My Heidelberg: Saturday farmers’ market in Neuenheim

In Heidelberg, the farmers’ markets are held regularly throughout the week at a number of locations throughout the city and region. One of six Saturday markets takes place across the Neckar river in Neuenheim. Most visitors in town will visit the Saturday market in Heidelberg’s Marktplatz, which leaves the other five Saturday markets pretty much “clear and free” to residents. And as I arrive at the market square in Neuenheim, it’s clear I’m in the minority, literally and figuratively. This is not criticism and it’s not a negative, as I used to come here occasionally when I lived here. I say as much to the various vendors, when I buy a cup of coffee, some cherry tomatoes, a piece of cake, and three empanadas.

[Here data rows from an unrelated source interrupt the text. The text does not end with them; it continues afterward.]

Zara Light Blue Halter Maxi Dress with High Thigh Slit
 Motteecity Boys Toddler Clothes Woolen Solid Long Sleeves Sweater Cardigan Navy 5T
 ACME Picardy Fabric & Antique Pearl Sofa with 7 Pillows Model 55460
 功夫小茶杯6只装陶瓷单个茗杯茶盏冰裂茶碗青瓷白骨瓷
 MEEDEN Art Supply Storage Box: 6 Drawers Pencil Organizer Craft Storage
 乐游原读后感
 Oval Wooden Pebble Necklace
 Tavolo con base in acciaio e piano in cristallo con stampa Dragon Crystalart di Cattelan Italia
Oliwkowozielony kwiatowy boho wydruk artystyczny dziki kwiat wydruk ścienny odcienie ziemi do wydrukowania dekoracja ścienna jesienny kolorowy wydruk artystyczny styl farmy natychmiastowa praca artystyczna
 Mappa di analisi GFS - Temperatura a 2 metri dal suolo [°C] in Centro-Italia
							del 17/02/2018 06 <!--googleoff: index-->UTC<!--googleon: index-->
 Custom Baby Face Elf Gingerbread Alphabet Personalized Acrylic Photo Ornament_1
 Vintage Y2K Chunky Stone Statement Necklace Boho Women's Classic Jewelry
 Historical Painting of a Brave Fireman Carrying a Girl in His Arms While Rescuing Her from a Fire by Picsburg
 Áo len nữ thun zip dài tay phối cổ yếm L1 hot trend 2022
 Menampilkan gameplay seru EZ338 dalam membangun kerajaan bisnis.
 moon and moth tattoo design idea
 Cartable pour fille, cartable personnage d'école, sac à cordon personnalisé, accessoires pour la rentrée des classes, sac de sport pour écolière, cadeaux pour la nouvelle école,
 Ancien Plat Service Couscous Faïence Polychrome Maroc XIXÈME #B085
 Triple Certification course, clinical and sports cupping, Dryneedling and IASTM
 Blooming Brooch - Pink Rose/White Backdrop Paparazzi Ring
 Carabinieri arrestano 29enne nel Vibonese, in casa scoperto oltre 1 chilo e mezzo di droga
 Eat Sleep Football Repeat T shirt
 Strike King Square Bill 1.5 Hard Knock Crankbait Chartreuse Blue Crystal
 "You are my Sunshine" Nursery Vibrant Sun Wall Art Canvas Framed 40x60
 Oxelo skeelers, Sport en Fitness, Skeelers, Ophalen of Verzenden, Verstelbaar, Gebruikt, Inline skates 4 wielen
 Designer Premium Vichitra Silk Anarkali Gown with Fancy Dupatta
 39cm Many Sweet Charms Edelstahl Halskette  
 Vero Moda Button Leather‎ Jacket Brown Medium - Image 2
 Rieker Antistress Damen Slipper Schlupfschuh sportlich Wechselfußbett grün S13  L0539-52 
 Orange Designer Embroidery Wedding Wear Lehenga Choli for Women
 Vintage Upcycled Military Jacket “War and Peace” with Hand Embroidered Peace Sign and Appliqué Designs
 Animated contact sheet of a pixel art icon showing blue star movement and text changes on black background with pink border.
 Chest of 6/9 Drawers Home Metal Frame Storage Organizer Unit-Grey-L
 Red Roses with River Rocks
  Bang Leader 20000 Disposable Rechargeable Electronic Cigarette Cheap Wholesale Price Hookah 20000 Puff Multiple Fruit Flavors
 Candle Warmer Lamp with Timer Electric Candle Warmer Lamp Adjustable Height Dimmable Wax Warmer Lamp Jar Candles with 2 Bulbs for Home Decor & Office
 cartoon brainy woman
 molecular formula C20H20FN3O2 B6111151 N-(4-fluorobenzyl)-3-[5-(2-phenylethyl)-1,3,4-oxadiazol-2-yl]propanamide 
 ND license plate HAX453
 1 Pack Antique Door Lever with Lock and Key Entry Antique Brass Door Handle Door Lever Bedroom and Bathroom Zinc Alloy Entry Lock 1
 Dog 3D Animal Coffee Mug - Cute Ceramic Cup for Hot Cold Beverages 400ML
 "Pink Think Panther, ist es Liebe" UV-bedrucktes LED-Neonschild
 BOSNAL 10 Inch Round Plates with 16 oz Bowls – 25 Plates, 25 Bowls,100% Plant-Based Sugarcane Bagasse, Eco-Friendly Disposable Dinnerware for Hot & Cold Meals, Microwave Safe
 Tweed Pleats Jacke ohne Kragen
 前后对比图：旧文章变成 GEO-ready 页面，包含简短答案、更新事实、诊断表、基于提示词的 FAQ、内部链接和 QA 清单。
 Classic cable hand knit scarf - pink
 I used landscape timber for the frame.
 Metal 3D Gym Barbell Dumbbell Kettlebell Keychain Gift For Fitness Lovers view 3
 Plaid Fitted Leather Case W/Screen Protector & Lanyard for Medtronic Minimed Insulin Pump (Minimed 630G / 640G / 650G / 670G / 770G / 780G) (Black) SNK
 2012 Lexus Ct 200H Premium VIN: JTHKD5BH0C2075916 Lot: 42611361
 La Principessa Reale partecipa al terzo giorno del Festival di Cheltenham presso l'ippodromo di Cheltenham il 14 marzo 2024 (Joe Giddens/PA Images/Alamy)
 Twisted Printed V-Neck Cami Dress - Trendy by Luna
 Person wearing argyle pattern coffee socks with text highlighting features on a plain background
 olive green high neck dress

Fresh fruit and vegetables, grown locally and imported from around Europe. Fresh bread and baked goods from a regional bakery. Fresh herbs, grown locally; fresh flowers, grown locally. Honey harvested from bees at a regional apiary. “Empanadas Argentinas”, by a woman from Córdoba who’s lived in Germany for over ten years. And there are fresh cuts of meat, tubs of olives, and glorious varieties of cheese from around Europe.

It’s time to stop eating and leave, when the vendors begin to pack. Another market, another day.

When I leave Heidelberg, no small measure of wistful longing remains; these are my streets, and this is one of my markets.